[Caption-style text data]

--------

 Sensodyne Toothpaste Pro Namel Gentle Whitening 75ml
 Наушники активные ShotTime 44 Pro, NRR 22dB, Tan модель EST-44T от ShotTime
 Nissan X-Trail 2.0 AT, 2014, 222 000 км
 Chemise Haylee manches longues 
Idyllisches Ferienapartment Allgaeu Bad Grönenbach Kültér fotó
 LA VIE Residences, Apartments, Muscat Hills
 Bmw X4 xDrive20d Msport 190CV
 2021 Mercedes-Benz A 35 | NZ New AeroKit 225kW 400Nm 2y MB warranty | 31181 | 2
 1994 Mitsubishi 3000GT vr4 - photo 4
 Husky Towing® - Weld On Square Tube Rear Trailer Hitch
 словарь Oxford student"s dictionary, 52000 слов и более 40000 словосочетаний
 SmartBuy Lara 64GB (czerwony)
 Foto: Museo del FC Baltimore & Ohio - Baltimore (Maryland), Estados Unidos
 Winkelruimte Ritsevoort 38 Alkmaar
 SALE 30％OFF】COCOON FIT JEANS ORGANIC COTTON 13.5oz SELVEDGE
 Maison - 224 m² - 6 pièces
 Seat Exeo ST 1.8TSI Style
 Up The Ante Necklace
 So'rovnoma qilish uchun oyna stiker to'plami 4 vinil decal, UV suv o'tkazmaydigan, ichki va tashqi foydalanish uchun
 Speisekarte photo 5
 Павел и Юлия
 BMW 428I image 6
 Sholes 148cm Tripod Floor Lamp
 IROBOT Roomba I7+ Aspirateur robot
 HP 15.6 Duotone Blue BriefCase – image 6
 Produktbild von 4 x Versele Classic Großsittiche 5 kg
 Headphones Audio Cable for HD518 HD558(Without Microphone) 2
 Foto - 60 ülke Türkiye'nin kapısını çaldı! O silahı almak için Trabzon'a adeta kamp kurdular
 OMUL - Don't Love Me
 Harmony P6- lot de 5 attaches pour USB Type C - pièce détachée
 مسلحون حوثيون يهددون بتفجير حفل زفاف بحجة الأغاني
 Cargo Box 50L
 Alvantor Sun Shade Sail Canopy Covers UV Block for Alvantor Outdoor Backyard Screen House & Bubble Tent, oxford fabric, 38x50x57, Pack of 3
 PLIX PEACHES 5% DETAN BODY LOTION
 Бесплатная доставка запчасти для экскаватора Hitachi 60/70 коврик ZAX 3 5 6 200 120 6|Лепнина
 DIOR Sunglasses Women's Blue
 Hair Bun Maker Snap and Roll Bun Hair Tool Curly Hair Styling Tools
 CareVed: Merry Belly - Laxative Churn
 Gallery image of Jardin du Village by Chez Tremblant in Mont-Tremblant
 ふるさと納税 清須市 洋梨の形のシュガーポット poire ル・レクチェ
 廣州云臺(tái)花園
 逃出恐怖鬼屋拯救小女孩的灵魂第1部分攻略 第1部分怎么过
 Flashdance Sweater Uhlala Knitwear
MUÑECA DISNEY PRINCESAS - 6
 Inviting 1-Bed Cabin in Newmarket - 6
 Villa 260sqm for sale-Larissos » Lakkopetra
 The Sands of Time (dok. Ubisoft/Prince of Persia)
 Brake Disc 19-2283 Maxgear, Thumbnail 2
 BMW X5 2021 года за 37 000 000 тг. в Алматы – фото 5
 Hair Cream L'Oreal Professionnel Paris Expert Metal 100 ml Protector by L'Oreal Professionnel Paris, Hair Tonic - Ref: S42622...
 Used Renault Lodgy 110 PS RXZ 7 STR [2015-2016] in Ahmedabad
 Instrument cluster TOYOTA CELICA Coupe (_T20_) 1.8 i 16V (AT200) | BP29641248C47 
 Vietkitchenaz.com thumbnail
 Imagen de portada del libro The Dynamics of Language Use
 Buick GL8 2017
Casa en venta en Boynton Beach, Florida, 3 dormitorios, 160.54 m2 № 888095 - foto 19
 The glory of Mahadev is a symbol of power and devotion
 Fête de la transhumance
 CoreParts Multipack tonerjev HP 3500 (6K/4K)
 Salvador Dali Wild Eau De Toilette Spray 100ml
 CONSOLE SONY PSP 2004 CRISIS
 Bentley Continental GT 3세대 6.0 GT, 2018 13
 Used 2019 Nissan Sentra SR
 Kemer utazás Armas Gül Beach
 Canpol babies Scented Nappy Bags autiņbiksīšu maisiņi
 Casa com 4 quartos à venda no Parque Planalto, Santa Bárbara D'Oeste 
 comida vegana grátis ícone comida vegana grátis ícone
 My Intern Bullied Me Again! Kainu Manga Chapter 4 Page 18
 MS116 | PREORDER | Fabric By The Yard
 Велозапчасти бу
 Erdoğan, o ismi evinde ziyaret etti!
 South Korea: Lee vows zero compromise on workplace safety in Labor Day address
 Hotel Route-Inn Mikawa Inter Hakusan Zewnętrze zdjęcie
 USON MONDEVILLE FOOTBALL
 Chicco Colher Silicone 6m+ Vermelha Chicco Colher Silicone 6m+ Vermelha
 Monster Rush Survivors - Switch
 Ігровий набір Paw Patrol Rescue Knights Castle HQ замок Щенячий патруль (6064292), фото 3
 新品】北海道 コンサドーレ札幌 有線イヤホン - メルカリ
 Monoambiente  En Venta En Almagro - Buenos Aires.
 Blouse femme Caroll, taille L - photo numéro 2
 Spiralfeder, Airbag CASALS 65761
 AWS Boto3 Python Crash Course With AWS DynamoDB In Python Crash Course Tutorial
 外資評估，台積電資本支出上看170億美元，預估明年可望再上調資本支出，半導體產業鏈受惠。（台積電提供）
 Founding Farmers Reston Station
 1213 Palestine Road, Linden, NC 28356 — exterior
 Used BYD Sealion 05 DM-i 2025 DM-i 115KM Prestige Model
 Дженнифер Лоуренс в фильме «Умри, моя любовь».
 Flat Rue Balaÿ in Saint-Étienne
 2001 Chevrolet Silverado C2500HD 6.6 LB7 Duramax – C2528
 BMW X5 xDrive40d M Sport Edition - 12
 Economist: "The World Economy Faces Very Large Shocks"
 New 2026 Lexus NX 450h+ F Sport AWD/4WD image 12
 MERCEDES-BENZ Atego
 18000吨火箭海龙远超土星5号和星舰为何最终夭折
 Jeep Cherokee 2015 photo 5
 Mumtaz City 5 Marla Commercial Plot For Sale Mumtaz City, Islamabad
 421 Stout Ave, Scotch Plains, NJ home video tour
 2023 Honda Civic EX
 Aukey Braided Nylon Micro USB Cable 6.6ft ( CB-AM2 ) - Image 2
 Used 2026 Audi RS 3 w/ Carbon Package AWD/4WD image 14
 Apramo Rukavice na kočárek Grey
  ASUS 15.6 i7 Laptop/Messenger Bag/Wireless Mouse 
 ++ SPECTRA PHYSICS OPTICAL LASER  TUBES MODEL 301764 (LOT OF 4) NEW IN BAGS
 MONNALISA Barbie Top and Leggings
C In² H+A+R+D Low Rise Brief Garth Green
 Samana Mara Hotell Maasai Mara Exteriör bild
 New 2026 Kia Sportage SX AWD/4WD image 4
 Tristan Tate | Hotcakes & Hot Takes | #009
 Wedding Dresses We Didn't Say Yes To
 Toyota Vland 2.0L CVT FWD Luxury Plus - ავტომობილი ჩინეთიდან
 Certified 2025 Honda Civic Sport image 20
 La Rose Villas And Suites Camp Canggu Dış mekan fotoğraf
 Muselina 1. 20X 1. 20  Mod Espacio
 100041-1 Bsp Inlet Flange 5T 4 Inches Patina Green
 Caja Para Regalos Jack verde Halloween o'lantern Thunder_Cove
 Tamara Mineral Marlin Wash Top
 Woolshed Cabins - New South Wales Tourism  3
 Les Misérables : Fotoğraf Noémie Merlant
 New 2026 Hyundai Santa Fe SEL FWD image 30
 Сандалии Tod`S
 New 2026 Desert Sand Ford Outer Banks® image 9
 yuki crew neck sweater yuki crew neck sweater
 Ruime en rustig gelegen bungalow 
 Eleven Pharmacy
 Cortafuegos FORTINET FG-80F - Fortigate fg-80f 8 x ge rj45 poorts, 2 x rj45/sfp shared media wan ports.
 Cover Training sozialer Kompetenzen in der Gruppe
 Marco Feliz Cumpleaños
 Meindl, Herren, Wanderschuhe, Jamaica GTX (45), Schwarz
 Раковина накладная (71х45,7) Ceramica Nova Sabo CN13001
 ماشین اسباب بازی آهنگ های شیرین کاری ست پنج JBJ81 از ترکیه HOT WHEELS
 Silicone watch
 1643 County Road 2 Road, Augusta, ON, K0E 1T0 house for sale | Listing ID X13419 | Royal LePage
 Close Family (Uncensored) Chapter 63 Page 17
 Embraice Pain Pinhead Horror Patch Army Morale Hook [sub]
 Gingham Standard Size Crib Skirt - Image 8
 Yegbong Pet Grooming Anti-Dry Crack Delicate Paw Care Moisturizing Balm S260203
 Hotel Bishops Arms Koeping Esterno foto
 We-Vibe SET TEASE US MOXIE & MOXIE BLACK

--------

■ **Aim of the exercise**
Beginning at the line above with "South Korea: Lee" and finishing at the line with "AWS Boto3 Python", return each line exactly and return nothing else.

■ **Written answer**
 South Korea: Lee vows zero compromise on workplace safety in Labor Day address
 Hotel Route-Inn Mikawa Inter Hakusan Zewnętrze zdjęcie
 USON MONDEVILLE FOOTBALL
 Chicco Colher Silicone 6m+ Vermelha Chicco Colher Silicone 6m+ Vermelha
 Monster Rush Survivors - Switch
 Ігровий набір Paw Patrol Rescue Knights Castle HQ замок Щенячий патруль (6064292), фото 3
 新品】北海道 コンサドーレ札幌 有線イヤホン - メルカリ
 Monoambiente  En Venta En Almagro - Buenos Aires.
 Blouse femme Caroll, taille L - photo numéro 2
 Spiralfeder, Airbag CASALS 65761
 AWS Boto3 Python Crash Course With AWS DynamoDB In Python Crash Course Tutorial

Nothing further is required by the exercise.